While sitting on top of a mountain staring out at the night sky and flickering city lights, I was sat next to a person who at one point inspired me. He was broken this time, as if contentment vanished for a moment. And although he was so strong for me months beforehand, it was in that moment I realized that God was giving me an opportunity to shine back. I had all the care in the world to be there by him. I listened to him express all of his emotions and frustrations. I listened to him spill out his heart. He was the same person who helped me change my life, and there I was sat in a position to possibly help him.

I handed him the journal knowing it was God who led me to buying it for him. In the card along with it I wrote about how important his thoughts and feelings are, and how he has a significant voice in this world. I concluded to say he can consider the journal a gift from God. I really couldn't take the credit. I didn't know this young man well enough the way God did. But his reaction to it was priceless. It was enough. He showed every intention to use it and thanked me.

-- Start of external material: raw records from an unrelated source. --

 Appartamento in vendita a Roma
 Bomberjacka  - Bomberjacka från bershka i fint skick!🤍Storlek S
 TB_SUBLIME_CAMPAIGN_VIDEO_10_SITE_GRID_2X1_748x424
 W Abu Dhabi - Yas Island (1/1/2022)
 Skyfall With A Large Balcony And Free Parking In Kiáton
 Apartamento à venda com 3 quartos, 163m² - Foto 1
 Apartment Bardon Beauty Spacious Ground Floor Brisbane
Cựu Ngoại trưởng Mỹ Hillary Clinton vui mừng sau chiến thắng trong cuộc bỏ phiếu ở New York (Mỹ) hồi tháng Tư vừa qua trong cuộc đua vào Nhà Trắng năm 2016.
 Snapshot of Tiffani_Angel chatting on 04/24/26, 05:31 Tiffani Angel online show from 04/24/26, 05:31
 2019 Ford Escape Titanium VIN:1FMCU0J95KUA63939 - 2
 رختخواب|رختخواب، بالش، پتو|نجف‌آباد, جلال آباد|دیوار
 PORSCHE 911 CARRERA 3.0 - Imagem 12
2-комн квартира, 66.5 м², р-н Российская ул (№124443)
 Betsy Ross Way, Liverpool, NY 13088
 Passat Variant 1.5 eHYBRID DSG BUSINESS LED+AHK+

The feeling of giving off hope to someone builds me up so very much. God made me this way, with desires to be of encouragement. The entire trip up that mountain with him became a metaphor of someone who was beautifully broken, climbing to the top to receive a reward for persevering. Along the way we helped each other as to not give up and head back down. No matter how tiring it was, we became determined to make it to the top. Toward the very end, right before we reached the cross, he offered his hand. And even though I lacked to take it, he helped me anyway. I felt like it represented the person he had become to me. Someone who once upon a time helped me make it to the cross. To find Jesus.

Maybe this time I was helping him in return. Maybe this time I was able to shine my own light onto his brokenness. There was something about the entire journey up that mountain that opened my eyes. It had a purpose. It was as if God had allowed me to be in his life at the right time so that I could learn something new. So I could be there to witness a change in this person's life. And it made me feel excited for him, even if he was broken.

I'm excited to see how God is going to turn it all around. Because when we made it to the top of that mountain, we sat there, looking down at all the lights while the cross stood tall in front of us. We sat there to rest and enjoy the beauty God gifted to us. The best part was how capable he was of still smiling and laughing. I could see he still had hope. And that was all that mattered.

I pray that God mends his beautifully broken self.